Extracting a Net List
January 10, 2017
A client of Artwork needed to extract a net list from a flip chip package design. They already had a net list from the original design (created in APD) but the test lab had requested the manual addition of "jumpers" across many of the die pads and many of the ball pads to create a daisy chain variation. After the addition of the jumpers a new net list had to be extracted to insure that the correct connections had been made.
Left side: die.gbr - jumpers added to die side; Right side: rdl.gbr - jumpers added to BGA side.
The client was able to use NETEX-G to create a new set of nets based on connectivity taking the jumpers into account. Pin labels were imported using the AIF format - AIF can be exported from the original APD design since the locations of the pins and their labels is not affected by the addition of the jumpers used to produce a daisy chain.
Step 1 - Gather the Data
To extract the nets and produce a proper netlist we used:
die.gbr - a Gerber file that included the die pads plus the jumpers on the die side
via.gbr - a Gerber file that contained the vias from the die pads to the RDL
rdl.gbr - a Gerber file that contained the RDL metal plus jumpers added to the RDL side
package.aif - an AIF file that contained the die pad locations, labels and coordinates
Step 2 - Put Top/Bottom Conductors into NETEX-G
Start NETEX-G and load the die.gbr and rdl.gbr files into positions 1 and 3. Insert a dielectric between them.
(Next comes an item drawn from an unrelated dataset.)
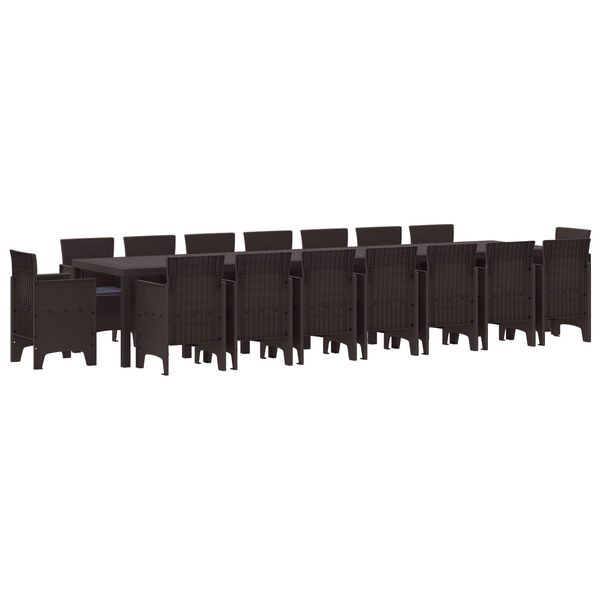 vidaXL Tr&auml;dg&aring;rds matsalsset med Kuddar med kudde 17 pcs Brun PP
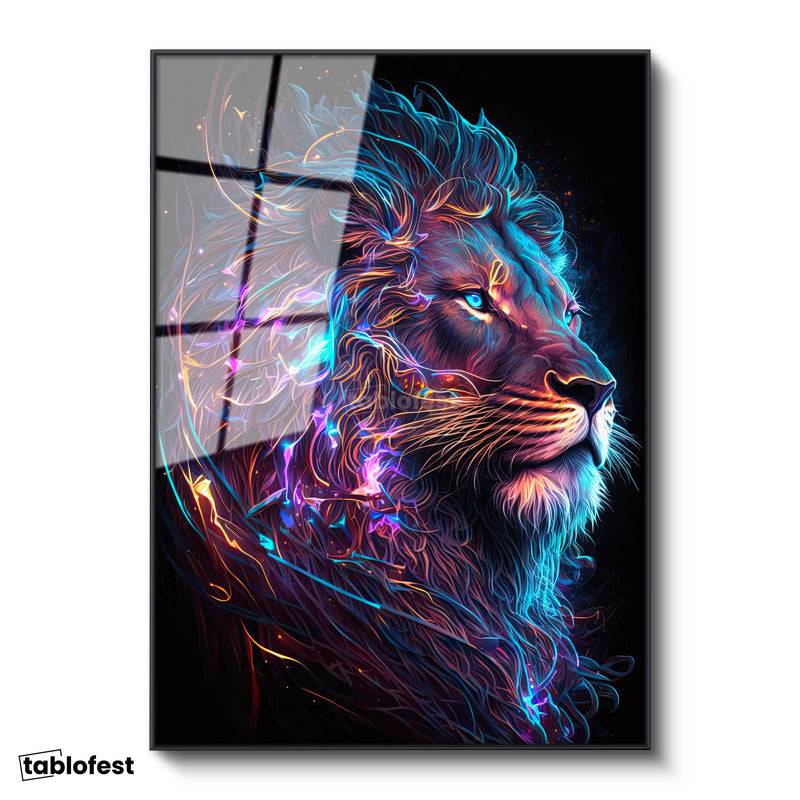 Siyah Renk Metal Çerçeveli Tamperli Cam Tablo Neon Çizgisel Aslan Tablosu Duvar Dekoru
Next we need to connect the die pads to the RDL layer. This is done using the via.gbr file and defining it as a drill between the two layers.
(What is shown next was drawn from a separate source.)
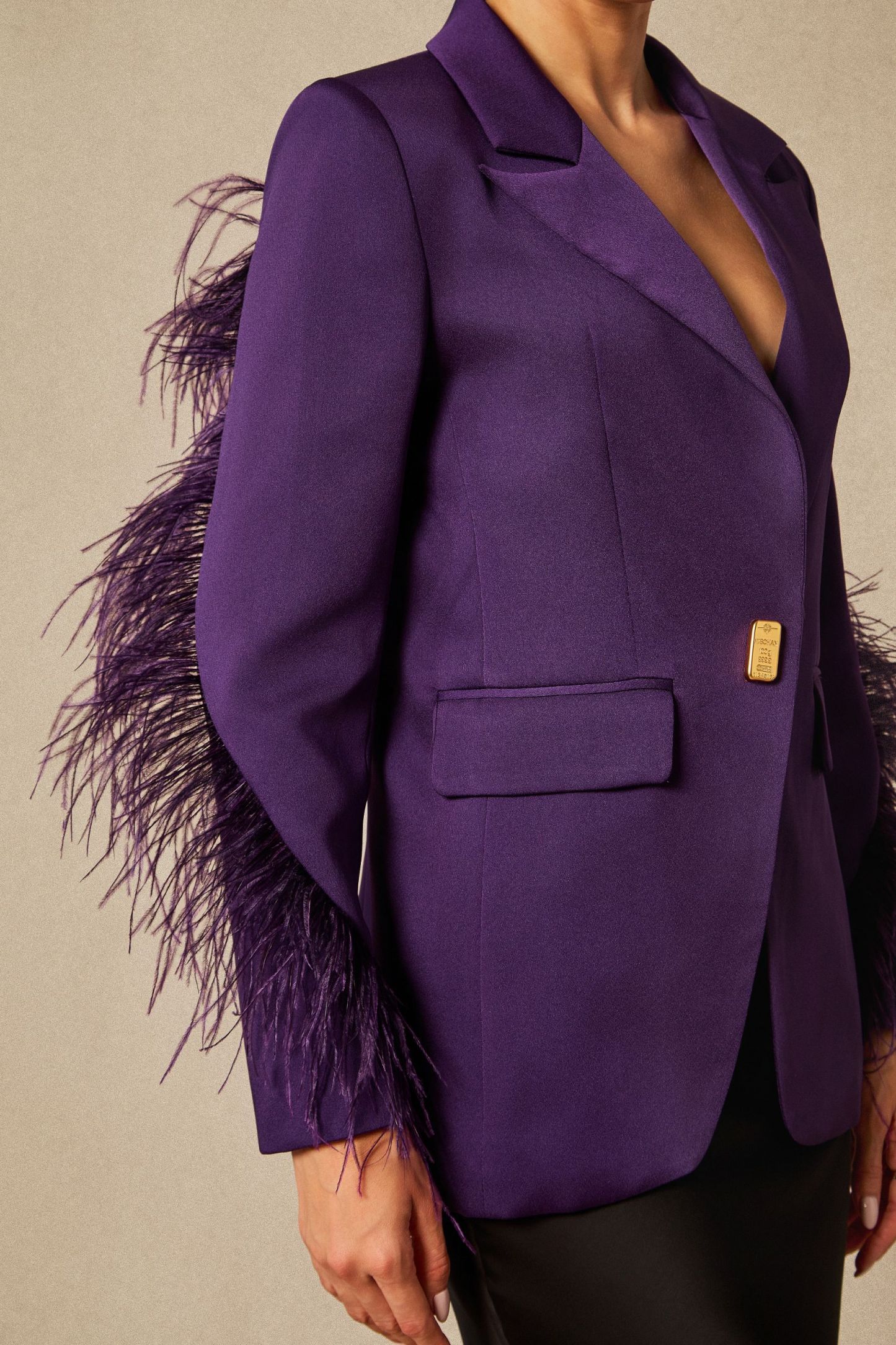 Shana Feather Trim Single Breasted Blazer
Step 3 - Using the Drill Dialog to Connection Top/Bottom
The drill dialog defines one or more drills that are used to produce vias between conductor layers. In this case we use the via.gbr layer as our drill (even though this process uses no actual drills we still use this nomenclature from the PCB business.)
Notice that we set the top and bottom layer to 1 and 3 - this is the stackup position since position 2 is a dielectric between the two conductor layers.
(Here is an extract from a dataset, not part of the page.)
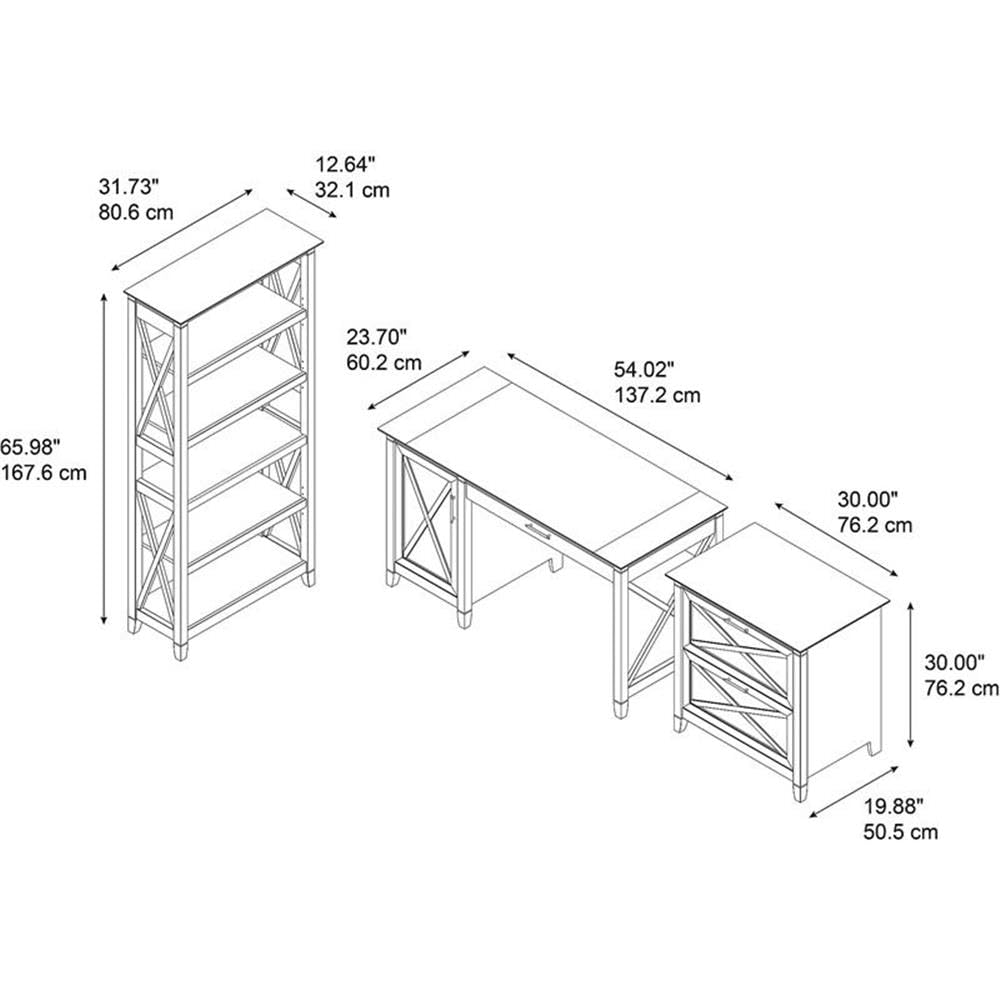 Bush Home Key West 54W Computer Desk with 2 Drawer Lateral File Cabinet and 5 Shelf Bookcase in Bing Cherry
Step 4 - Define Vertical Properties
Why do we need to define vertical properties for net list extraction? We don't; but because we are using a flow that produces a 3D output file we are required to define Z thicknesses for the conductor and dielectric layers. This is done by cliking on the Properties button from the main dialog and filling in some reasonable values.
Step 5 Import Labels from AIF
Netex-g can trace out connected geometries without any external labels but these results would not be useful. Fortunately we can mass import the locations of the pins (both die side and BGA side) from the AIF file exported from APD. (Note - it is important that when you export AIF and generate your Gerber data that there not be any X,Y offset between them and that they share the same mirroring. Just like a probe card for a PCB must not be mirrored or shifted.)
We import the pin information using the Labels dialog box; then select Import and AIF.
Use the browse button to select your AIF file and then check: Import Nodes from AIF. (Nodes are the NETEX-G equivalent to pins) Select Ball Pads and Die Pads. Turn on: Use Ref Des and enter the appropriate reference designator. Make sure you have the stackup layer correctly selected. In this example we put the die pads on 1 and the BGA on 3 but we could have loaded in the other order.
Then click on OK.
When you get back to the Label dialog box you will see that the Nodes section now has data. You should see all the pin labels imported from the AIF as shown below:
Step 6 - Define the Output
We get to the output dialog by clicking on the Output button from the main menu. Once in this dialog we make the following settings:
We set our output format to: 3Di.
We don't need to check: Create Dielectric Bodies since we are just considering the conductors.
The ROI/Profilie section should be set to Window. Then click on the Window Selection Button and make sure the window is set to Data Extents.
Finally we define an output file name for our 3Di file. This will normally be placed in the directory we defined for output in the preferences dialog.
That's it for the output dialog.
Step 7 - Running the Conversion
From the main menu, click on the Execute button. The program will prompt you to save the job file (an ascii file that contains all your settings and which can be reloaded in future sessions) Then it will process the Gerber files and the pin label data.
When NETEX-G is complete, there should be two files in the output directory:
The 3Di file can be viewed using Artwork's 3DVU and it displays a geometric representation of the layout.
The text file is a netlist sorted by Net with one reference designator/pin per line along with its X,Y coordinates. (the X,Y coordinate are always converted into units of microns even through the Gerber data is in inches or mm.)
This netlist is always created when 3Di output is created. However, if no pin labels were imported or defined, then the netlist file will be empty.